Sunday, December 21, 2014

Sample Prose

Williston.  A small town suffocating under the weight of the greatest boom in American history and it’s torn between burning the witches and resignedly saying, “More weight.”  And I’m the problem: I’m one of the bad boys of the Bakken.
Furthermore, I get to tell strangers that I work for Savage.  “Oh, you’re going to CNA School?  Congratulations.  I work in the oil fields for a company called Savage.  Yeah, last winter it hit about minus seventy degrees Fahrenheit, but by May it was above zero again, and come July it was a hundred.  But by mid September it starts to get a bit nippy, say, twenty below.  No, only about ninety hours a week, but we’re allowed to work extra shifts, so it’s not too bad at all.”  The trick is to say it nonchalantly then change the subject.  Because if they ask, they will eventually find out that I glance down at a hundred grand a year doing a job that requires the intelligence of a whack-a-mole game and the stalwart courage of a vole of retiring disposition catching sight of a tail twitching above the grass (that would be "none;" do try to keep up...).  Mostly I push buttons.  I also sometimes glance up from my book to watch the thing that the buttons are on.  Plus, we have our own personal heaters and forty minute breaks every hour.  Seriously.  But we usually have to work two out of every three weeks and there are no outlets to charge our phones in our booths, so I guess it evens out.

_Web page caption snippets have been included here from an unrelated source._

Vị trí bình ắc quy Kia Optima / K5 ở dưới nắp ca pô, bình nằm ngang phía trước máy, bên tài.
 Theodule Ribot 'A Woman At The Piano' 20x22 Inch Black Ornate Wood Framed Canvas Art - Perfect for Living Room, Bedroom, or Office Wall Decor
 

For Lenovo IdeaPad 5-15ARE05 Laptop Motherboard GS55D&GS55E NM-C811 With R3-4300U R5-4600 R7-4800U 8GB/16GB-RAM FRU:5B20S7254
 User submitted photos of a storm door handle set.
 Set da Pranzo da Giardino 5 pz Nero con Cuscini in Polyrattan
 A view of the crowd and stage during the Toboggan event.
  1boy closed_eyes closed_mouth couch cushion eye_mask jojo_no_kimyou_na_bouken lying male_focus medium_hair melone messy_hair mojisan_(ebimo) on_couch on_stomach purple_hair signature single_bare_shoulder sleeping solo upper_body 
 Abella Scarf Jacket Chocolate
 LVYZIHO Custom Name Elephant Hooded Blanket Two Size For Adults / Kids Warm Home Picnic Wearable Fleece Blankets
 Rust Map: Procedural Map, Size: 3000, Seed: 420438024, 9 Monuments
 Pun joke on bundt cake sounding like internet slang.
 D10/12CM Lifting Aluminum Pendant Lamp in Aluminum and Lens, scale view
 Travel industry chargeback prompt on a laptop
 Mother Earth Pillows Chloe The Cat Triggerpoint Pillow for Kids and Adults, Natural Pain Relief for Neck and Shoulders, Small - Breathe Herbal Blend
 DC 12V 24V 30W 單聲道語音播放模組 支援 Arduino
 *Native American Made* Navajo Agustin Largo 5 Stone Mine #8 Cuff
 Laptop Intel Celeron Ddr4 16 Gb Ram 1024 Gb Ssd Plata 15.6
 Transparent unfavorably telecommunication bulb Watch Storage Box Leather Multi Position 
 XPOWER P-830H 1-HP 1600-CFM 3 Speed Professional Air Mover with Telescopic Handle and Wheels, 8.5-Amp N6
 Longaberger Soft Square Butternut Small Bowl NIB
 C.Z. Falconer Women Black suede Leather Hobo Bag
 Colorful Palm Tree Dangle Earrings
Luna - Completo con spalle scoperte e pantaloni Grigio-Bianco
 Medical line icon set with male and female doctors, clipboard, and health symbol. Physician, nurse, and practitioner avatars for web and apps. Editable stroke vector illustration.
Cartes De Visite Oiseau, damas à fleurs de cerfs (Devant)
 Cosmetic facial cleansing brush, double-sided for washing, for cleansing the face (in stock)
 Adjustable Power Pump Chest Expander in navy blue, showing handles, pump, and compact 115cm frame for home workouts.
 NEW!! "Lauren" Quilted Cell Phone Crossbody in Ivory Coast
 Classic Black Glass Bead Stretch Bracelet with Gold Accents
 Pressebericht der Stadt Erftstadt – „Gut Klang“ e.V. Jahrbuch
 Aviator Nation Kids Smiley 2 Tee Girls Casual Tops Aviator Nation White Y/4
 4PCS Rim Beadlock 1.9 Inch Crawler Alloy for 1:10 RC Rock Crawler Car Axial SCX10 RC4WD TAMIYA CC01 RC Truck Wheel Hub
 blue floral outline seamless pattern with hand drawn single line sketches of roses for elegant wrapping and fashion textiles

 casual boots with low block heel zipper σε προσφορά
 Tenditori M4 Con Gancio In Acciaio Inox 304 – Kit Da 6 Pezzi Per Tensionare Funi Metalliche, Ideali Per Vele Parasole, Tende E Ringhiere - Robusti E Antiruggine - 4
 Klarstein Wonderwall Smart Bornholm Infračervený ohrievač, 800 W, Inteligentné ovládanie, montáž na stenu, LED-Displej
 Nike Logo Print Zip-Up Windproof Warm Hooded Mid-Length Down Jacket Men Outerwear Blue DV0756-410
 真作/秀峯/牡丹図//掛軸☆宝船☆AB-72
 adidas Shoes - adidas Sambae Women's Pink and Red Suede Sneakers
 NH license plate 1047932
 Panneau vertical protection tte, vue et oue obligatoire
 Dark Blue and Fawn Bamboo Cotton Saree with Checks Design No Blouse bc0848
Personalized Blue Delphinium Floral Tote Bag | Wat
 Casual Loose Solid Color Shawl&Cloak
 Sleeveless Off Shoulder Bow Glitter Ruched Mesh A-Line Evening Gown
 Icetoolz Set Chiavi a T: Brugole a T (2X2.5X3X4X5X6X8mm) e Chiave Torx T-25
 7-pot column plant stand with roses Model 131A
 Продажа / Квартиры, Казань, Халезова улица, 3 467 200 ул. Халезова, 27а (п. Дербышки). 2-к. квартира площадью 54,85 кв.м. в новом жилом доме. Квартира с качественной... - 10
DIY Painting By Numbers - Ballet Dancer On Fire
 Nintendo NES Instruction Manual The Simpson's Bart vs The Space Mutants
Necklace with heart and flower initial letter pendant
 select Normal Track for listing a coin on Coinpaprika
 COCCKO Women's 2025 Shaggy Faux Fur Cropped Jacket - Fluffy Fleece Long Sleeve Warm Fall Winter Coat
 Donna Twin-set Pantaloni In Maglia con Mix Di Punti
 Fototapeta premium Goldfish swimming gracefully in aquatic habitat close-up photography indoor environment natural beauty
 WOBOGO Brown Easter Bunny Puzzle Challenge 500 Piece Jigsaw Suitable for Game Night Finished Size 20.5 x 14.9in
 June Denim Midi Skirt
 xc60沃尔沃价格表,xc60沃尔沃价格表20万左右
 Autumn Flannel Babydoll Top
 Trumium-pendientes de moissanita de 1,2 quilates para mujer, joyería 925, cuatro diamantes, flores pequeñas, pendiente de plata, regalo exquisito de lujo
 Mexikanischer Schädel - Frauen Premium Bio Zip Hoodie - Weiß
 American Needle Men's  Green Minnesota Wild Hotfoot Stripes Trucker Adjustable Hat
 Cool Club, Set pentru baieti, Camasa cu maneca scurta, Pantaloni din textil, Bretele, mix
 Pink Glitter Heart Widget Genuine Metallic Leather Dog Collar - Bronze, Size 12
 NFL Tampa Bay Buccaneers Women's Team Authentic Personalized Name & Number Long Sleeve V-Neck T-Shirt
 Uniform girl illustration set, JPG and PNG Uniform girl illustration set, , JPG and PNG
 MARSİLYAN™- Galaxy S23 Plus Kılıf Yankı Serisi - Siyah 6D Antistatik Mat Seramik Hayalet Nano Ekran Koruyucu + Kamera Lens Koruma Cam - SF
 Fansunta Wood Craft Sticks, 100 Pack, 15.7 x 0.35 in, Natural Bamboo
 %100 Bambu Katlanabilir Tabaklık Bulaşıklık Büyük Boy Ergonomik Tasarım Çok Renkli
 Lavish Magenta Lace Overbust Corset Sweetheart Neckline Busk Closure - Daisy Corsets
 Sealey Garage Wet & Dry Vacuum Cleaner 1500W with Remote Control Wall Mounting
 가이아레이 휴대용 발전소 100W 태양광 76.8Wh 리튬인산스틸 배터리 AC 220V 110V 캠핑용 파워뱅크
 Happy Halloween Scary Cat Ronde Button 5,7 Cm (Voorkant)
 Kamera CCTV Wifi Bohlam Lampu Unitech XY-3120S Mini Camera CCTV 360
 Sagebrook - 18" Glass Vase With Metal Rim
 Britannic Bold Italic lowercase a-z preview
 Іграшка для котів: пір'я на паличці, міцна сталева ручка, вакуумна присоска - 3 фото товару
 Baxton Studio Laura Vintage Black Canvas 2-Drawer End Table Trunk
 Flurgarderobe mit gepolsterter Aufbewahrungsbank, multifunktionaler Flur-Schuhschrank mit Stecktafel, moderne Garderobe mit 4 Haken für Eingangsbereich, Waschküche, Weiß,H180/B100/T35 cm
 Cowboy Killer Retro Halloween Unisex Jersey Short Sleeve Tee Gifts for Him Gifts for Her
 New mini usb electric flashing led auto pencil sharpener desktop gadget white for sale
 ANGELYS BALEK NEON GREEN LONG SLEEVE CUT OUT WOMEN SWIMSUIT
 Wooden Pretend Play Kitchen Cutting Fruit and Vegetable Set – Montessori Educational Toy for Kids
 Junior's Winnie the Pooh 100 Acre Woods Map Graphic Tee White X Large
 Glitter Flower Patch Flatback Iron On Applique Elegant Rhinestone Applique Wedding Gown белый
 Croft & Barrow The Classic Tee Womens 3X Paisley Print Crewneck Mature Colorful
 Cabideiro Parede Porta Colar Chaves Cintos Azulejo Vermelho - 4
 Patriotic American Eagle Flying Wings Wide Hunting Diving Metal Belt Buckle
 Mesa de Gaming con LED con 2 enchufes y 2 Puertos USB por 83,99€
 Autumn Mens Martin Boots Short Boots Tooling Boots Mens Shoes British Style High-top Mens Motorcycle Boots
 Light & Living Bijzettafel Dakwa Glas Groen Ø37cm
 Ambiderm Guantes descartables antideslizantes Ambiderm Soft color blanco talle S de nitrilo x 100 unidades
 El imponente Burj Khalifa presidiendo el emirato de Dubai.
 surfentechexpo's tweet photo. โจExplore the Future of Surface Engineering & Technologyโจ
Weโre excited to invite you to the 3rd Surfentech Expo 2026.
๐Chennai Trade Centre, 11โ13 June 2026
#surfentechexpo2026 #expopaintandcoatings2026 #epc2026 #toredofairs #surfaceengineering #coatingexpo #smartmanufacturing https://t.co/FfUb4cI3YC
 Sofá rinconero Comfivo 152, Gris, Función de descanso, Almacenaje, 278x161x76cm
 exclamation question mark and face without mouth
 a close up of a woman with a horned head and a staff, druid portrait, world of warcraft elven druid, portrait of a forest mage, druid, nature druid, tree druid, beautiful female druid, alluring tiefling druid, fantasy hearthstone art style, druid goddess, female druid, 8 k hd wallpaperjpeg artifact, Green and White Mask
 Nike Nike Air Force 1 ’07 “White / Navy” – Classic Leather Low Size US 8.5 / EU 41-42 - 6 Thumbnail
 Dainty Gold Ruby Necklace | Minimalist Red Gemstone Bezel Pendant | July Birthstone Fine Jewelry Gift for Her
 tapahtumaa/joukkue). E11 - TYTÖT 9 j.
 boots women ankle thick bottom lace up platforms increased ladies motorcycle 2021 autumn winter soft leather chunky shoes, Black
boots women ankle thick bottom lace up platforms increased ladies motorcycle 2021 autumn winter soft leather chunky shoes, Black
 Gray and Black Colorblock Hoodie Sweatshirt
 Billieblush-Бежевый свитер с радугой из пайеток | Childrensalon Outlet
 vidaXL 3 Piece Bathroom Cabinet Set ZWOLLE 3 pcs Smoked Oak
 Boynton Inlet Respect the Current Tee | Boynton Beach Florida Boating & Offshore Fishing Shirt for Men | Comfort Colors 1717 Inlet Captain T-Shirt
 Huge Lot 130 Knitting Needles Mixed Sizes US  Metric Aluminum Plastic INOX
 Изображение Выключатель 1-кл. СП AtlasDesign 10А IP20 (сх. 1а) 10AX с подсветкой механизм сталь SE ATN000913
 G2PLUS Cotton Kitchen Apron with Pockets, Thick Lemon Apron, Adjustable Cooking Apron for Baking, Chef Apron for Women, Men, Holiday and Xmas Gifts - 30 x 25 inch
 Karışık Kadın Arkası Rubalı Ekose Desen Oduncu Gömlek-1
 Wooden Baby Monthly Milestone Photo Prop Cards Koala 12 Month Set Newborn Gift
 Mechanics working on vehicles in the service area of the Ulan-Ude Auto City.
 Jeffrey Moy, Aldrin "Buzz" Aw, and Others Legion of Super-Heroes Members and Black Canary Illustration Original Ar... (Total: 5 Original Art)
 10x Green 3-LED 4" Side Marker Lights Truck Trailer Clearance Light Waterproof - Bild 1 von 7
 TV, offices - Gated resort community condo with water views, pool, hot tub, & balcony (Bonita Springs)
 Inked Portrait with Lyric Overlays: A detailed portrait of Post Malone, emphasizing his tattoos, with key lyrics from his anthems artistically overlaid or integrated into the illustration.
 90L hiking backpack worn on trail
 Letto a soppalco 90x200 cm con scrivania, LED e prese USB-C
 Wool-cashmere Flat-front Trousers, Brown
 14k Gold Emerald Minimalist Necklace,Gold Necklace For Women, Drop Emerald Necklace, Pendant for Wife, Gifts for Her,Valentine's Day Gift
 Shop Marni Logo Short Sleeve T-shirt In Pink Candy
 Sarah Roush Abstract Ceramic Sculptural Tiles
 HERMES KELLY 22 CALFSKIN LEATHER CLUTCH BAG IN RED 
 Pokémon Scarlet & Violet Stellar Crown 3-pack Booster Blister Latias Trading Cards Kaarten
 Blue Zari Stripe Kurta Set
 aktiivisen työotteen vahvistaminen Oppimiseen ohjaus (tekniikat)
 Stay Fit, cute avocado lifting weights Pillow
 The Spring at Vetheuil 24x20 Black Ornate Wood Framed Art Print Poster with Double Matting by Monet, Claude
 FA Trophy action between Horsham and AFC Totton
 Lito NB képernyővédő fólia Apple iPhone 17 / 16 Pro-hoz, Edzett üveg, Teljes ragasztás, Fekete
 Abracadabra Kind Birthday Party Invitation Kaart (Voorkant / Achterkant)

Savage sounds like a pretty brutal name for a pretty brutal company, but turns out it’s just the name of the family that started it. Yeah, it’s a family business.  And they’re Mormon, to boot: the company actually has a no profanity clause in their employment contract, which is about as effective as putting up a chain link fence to keep out the mosquitoes: we’ve only got one supervisor that doesn’t cuss, and he’s a Catholic with nine kids and the ability to work thirty hours a day while remaining oblivious to dry sarcasm.  He actually believed me when I told him “lol” stood for “lots of love,” but I couldn’t maintain it for fear of him sending someone a text reading “Heard your dad died, lol.”